Directions
In this exercise, print only the lines of the records below from the one with "ACER negundo FLAMINGO" through the one with "Dachshund dogs for", inclusive. Pictures are not part of the copy.

Entries supplied
* * * * *

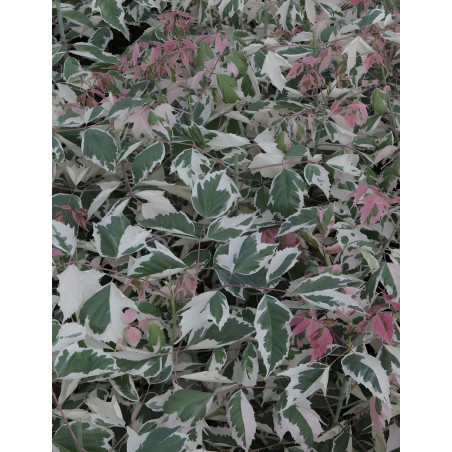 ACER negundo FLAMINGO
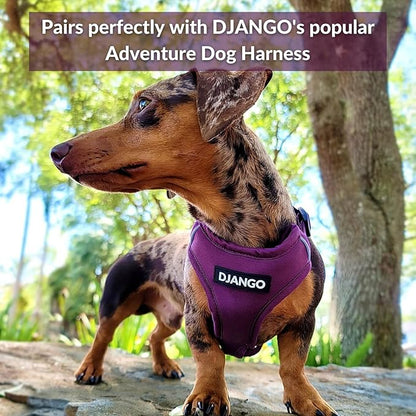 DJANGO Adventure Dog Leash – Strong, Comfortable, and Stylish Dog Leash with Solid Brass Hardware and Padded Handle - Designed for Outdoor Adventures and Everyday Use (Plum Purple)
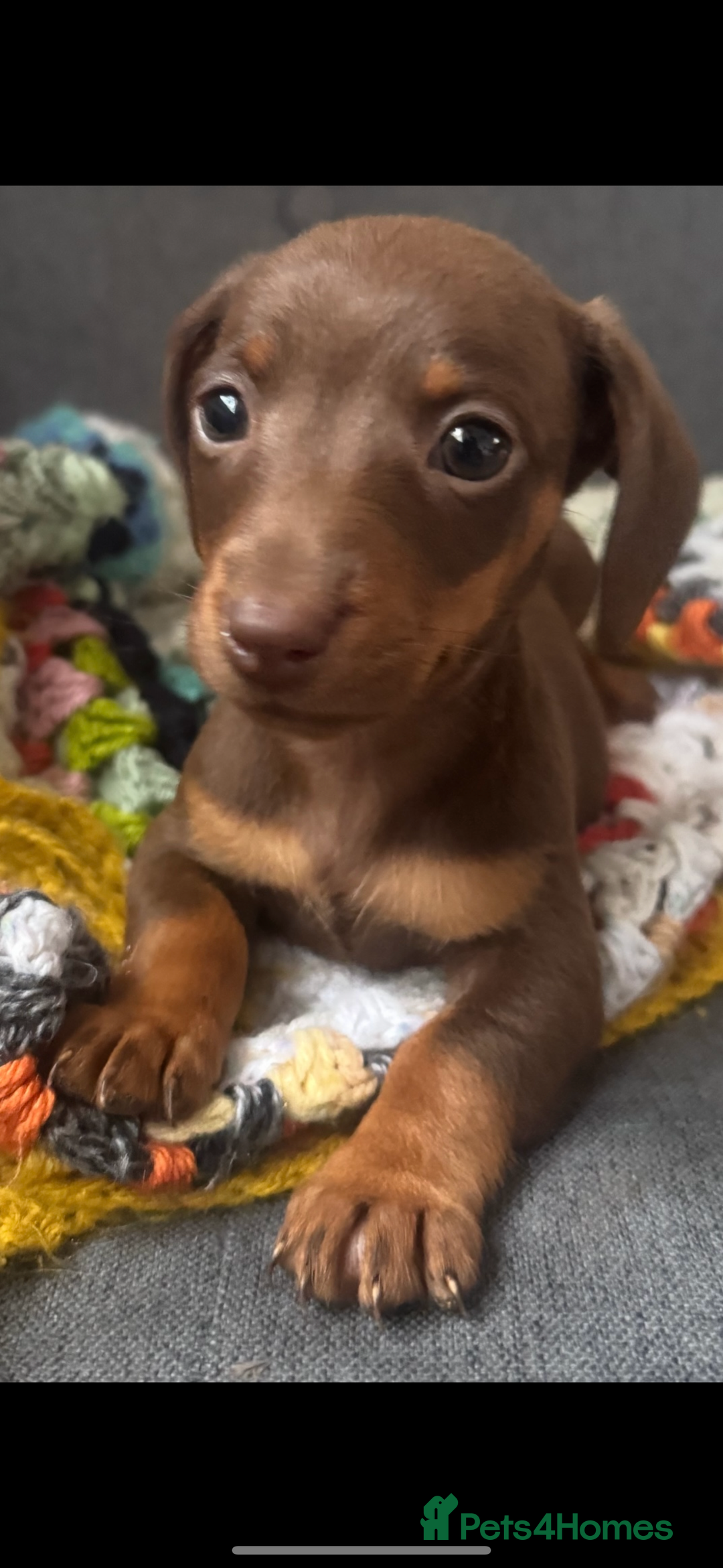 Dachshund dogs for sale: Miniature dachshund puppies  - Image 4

* * * * *

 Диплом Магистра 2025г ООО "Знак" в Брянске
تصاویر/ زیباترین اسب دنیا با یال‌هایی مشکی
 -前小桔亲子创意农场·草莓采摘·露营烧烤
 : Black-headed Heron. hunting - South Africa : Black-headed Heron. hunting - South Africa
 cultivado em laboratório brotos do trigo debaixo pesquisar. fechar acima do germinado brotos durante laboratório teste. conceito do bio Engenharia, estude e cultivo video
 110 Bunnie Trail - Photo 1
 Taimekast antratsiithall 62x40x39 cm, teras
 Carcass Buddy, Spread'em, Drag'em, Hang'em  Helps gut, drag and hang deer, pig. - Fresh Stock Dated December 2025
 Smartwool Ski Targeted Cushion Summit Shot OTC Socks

* * * * *

Expected output
 ACER negundo FLAMINGO
 DJANGO Adventure Dog Leash – Strong, Comfortable, and Stylish Dog Leash with Solid Brass Hardware and Padded Handle - Designed for Outdoor Adventures and Everyday Use (Plum Purple)
 Dachshund dogs for sale: Miniature dachshund puppies  - Image 4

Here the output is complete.